9.2 Parametric assumptions
Most of the inferential statistics we’ll be learning in this class are parametric statistics which means it’s based on certain assumptions about the shape of the distribution (in this class we’ll focus on the normal distribution).
It’s important to check assumptions because your data may not always be what they seem. You need to look at your data in all sorts of ways to make sure it’s satisfactory for inferential statistics. This video is a fun little look into how our eyes can deceive us and why we need to look at things from a variety of angles and perceptions.
There are four basic assumptions of most parametric tests:
- Interval or ratio (i.e., continuous) dependent variable
- Independent scores on the dependent variable
- Normal distribution
- Homogeneity of variances
Let’s discuss these in turn and how to test for them.
Interval/ratio data
If we are performing a parametric test, then the dependent variable (DV) must be measured at the interval or ratio level. It is important that the data has proportional intervals between levels of the variable, and ordinal variables often do not meet this assumption.
It is very important to avoid treating ordinal variables as continuous variables. We cannot calculate a mean or difference between ordinal values, but we can for continuous variables. What is often done—and is often inappropriate to do—is treat Likert-scale items as a continuous DV. What we can do is take a sum or average of multiple Likert-scale items and treat that sum or average as a continuous DV (although some argue this is also inappropriate).

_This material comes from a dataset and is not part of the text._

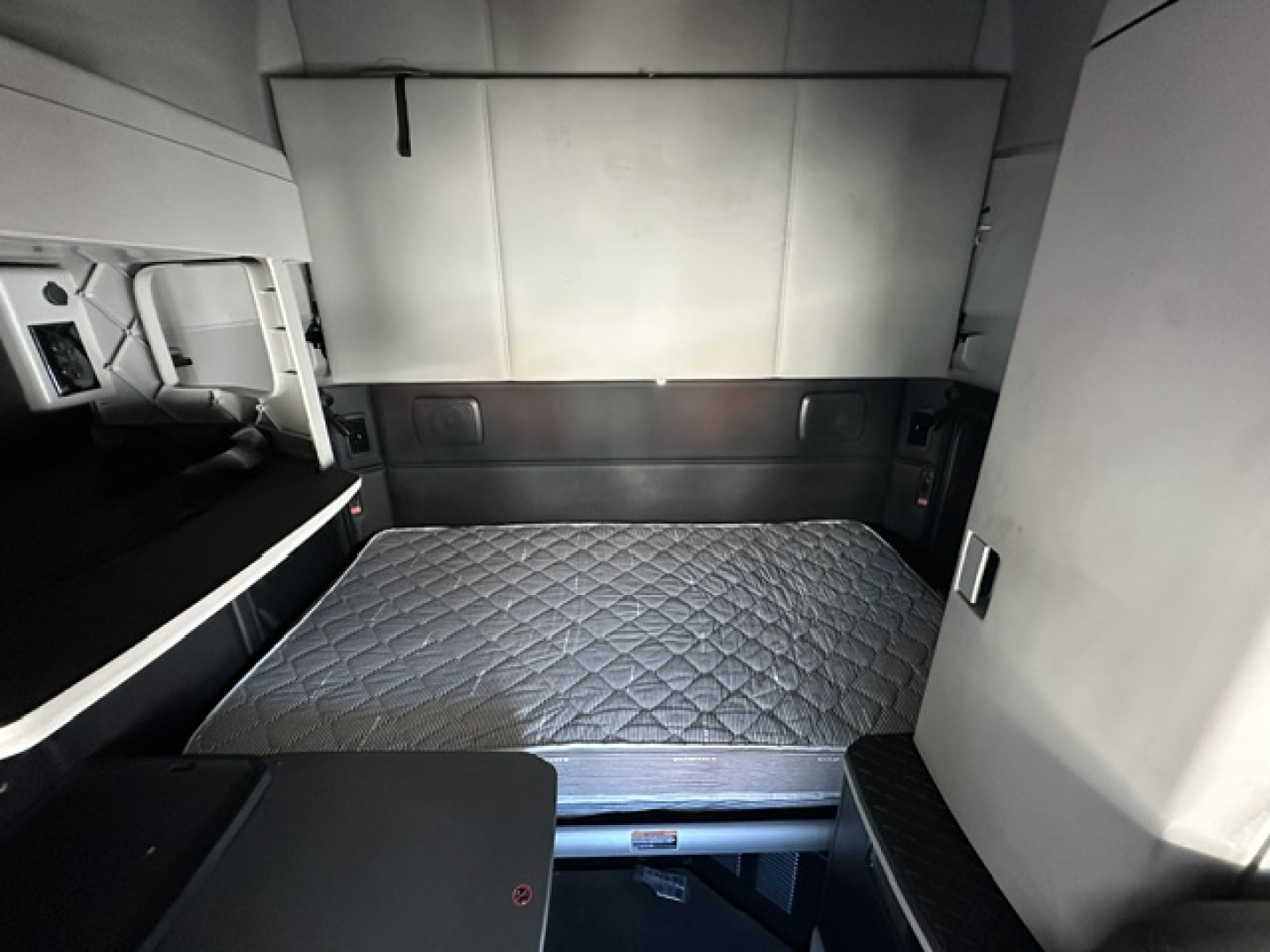 Kenworth T680 sleeper cab interior with folded bunk bed in view, quilted mattress, and side paneling.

There is no “test” we can perform here to test whether our data meets this assumption. Rather, you will need to just recognize whether data is interval/ratio (continuous) or ordinal/nominal (categorical).
Independent scores
In between-subjects designs (e.g., the independent t-test or one-way ANOVA), data from different participants should be independent meaning that the response of one participant does not influence the response of another participant. We violate this assumption in the case of nested data (e.g., when our sample consists of students in three different classrooms, it is likely that students within classrooms are more similar than we would expect otherwise).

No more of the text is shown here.